Доктор Тахеци воззвал с порога ванной:
— Люция…
— Фантастика! — сказал Оскар. — Только…
— Ты не один, — сказала пани Люция.
— Естественно, — сказал Оскар.
— Можно и в другой раз, — сказала пани Люция, — сегодня мне больше нужен твой совет.
— Тачку покупаешь? — спросил Оскар. — Или квартиру?
— Нет, — сказала пани Люция. — У меня дочь.
— Поздравляю, — сказал Оскар. — Место в яслях надо?
— Она у меня уже пятнадцать лет, — сказала пани Люция.
— Что? Ах да, извини. Неужели пятнадцать? Фантастика!
— Ее не приняли в училище, — сказала пани Люция. — Она там показалась то ли чересчур красивой, то ли чересчур умной.
— Тогда зачем ей вообще училище? — спросил Оскар.
— Я хочу, чтобы из нее что-нибудь получилось, чтобы с ней не произошло то же, что со мной.
— Люция… — сказал доктор Тахеци, стоя на пороге ванной.
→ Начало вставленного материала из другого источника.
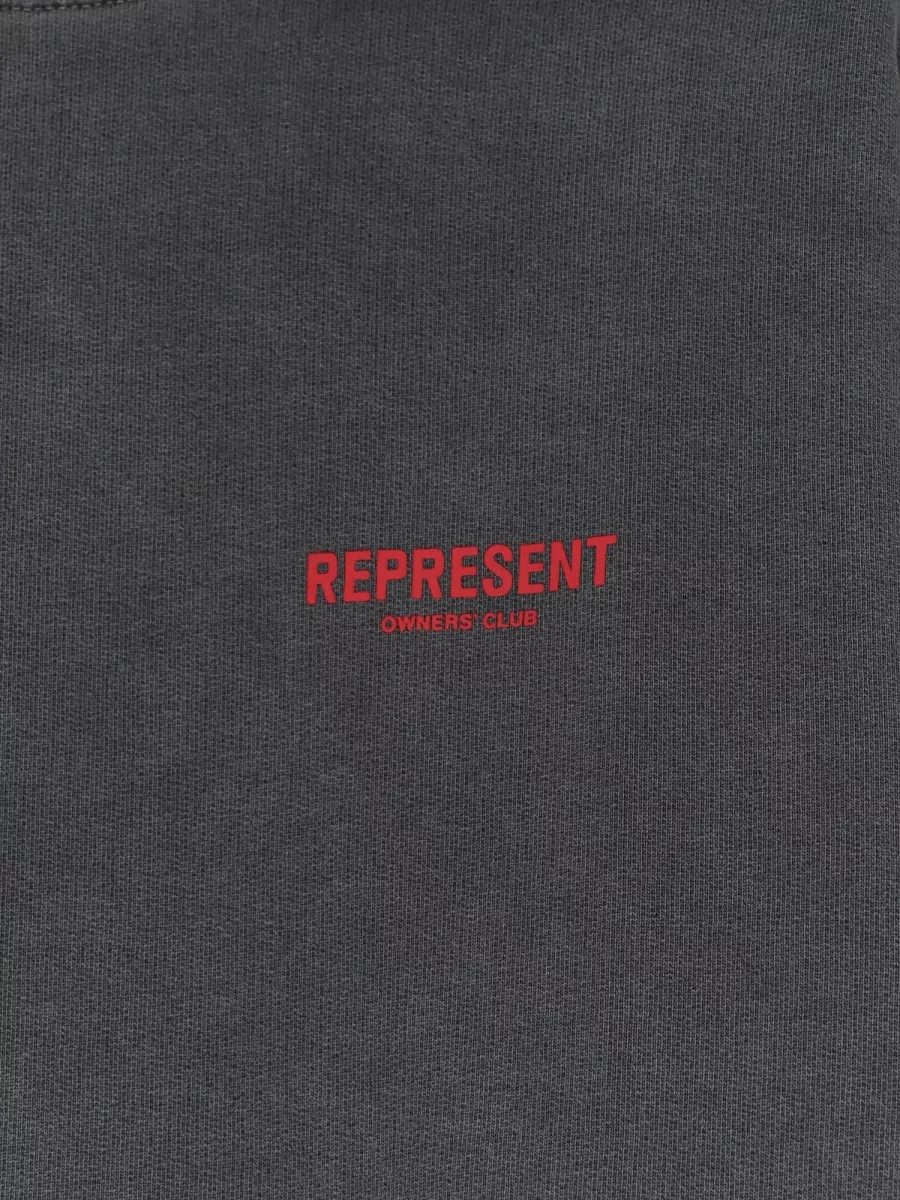 Represent Cotton Hooded Sweatshirt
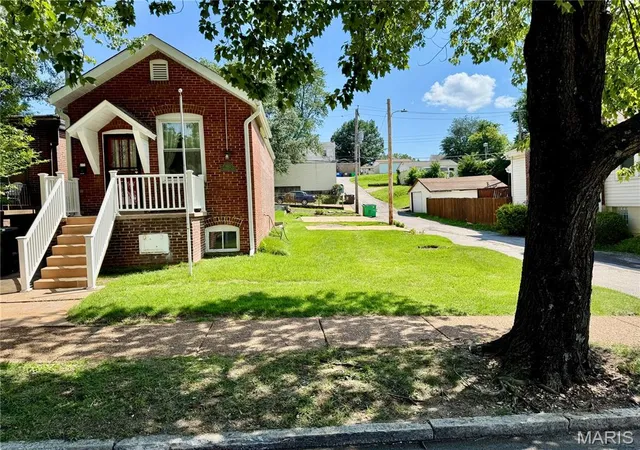 Photo 1 of Single family home for sale at 5512 5514 Columbia Ave, Saint Louis, MO 63139 | MLS# MIS26043261 | Listing updated on 2026-09-14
— Училище, — сказал Оскар. — Черт побери, у кого бы… кто мне это… погоди, ведь есть же какая-то комиссия по этим делам… секундочку, ягодка!
— Ты давно меня так не называл, — сказала пани Люция.
— Что? А, извини, это я не тебе.
— Жаль, — сказала пани Люция.
— Неделю терпит, — спросил Оскар, — пока я не вернусь с гор? Совместили бы приятное с полезным.
— Не вспомнишь хотя бы, что это за комиссия?
— Ага, — сказал Оскар, — уже вспомнил. Городская комиссия по профориентации. Фамилию председателя я забыл, но ты спокойно можешь сослаться на меня, я ему устраивал гараж.
— Пока всего лишь спасибо, — сказала пани Люция. — Теперь беги, а то простынешь.
— Как ты догадалась?.. — спросил Оскар.
— Да вот так, — сказала пани Люция. — Скажи котику, что тебе звонила тетя. Счастливой Пасхи, Оси.
Она бросила трубку. Вместе с трубкой она отбросила и свою лучезарную улыбку.
С порога ванной раздался голос доктора Тахеци:
— Люция, кто это?
— Один человек, — сказала пани Тахеци, — который когда-то хотел на мне жениться. Разреши-ка.
Муж посторонился, пропустил ее в ванную.
— Почему ты позвонила именно ему? — спросил он.
— Потому что, — сказала жена, — не будь я полной идиоткой шестнадцать лет назад, отцом Лизинки был бы ОН!
— Возможно. И даже вполне вероятно, — сухо сказал председатель комиссии по профориентации. — Это, должно быть, тот самый гараж, из-за которого моему предшественнику пришлось в одночасье покинуть свое место.
— Это окончательно убедило пани Тахеци: Лизинка родилась не под счастливой звездой. В первый же вторник после Пасхи ее добило известие, что их примут лишь в четверг, по общему списку. Оскар скрывался в горах, поделиться с мужем она не могла. Поэтому, изобразив крайнее утомление, она слегла в постель. При ее темпераменте это требовало такой силы воли, что в среду она была близка к нервному расстройству. Она осознавала — доктора Тахеци не изменить, он все равно будет вести себя в официальных местах так, словно его поймали с поличным. Любовь к Лизинке подняла ее с постели и вновь привела в четверг в неприветливый коридор к двери, за которой приглушенно слышалось хныканье провалившихся учеников и вопли разгневанных отцов.